Al día siguiente, la Dulce Princesa se encontraba hablando con la Doctora Princesa, cuando el Dulce Rey entro a la habitación a saludarla.
-Bueno, bueno, bueno... ¿Qué tal amaneció mi sobrina favorita?
-¡Tío Gumbald! -La princesa se levanto de su asiento y corrió a abrazar a su querido tío.
-Lamento si interrumpí algo -Decía cordialmente el Rey.
-No, en absoluto... De hecho estábamos terminando -Decía la Doctora Princesa que luego dejo solos a los monarcas.
-¿Dormiste bien Princesita?
-¡Tío Gumbald, no me llames así!
-De acuerdo, ¿pero por qué? -Preguntaba mientras acariciaba la cabeza de la niña.
-Es que... No me hace gracia.
-Está bien... Pero si lo piensas, suena como el perfecto apodo para ti.
-¿De qué hablas?
-Claro. Como eres una princesa y eres además muy pequeña, eso es lo que eres, ¡una princesita!
-Pero, los apodos no son ¿una forma despectiva de referirse a los demás?

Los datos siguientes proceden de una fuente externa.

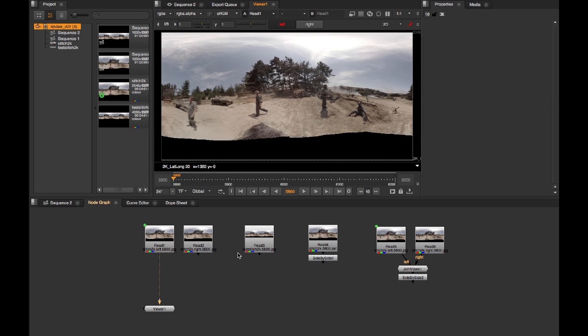Let's start by working in the NodeGraph environment. Here we have our stitch read in, in a few different guises. We'll kick off with a single mono case. So here we have our viewer hooked up to this left-only view. You'll note this is in latlong, which is what we need for the monitor-out plugin to work. So you have to feed in latlongs in 2 to 1 format aspect ratio.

-Pues, si. Pero no siempre. A veces también pueden ser formas cariñosas de referirse a los demás.
-Ah... -Bonnibel miró reflexiva hacia el suelo.
-Pero si no te gusta, podemos olvidarnos de él.
El día siguió su curso y los monarcas del Dulce Reino se quedaron en silencio mientras tomaban el té y observaban el final de otro día.
-Tío Gumbald... Mar... Digo ¿La señorita Abadeer vendrá esta noche?
-¡Ah! Pero mira si seré anciano -decía el Rey golpeándose la cabeza -. Olvide comentártelo, Marceline llamo esta mañana, al parecer le surgió algo urgente, algo de un pariente o algo así, no lo sé, el hecho es que por eso no podrá venir esta noche.
-Ah, de acuerdo. Está bien. Ojala no sea nada grave.
-Glob no lo permita.
El sol seguía ocultándose, pero su sobrina se veía bastante tranquila, parece que los medicamentos dieron efecto. El rey cerró los ojos y se preguntó si tendría que volver a mentirle a la Princesa, ¿cuánto tardaría en darse cuenta?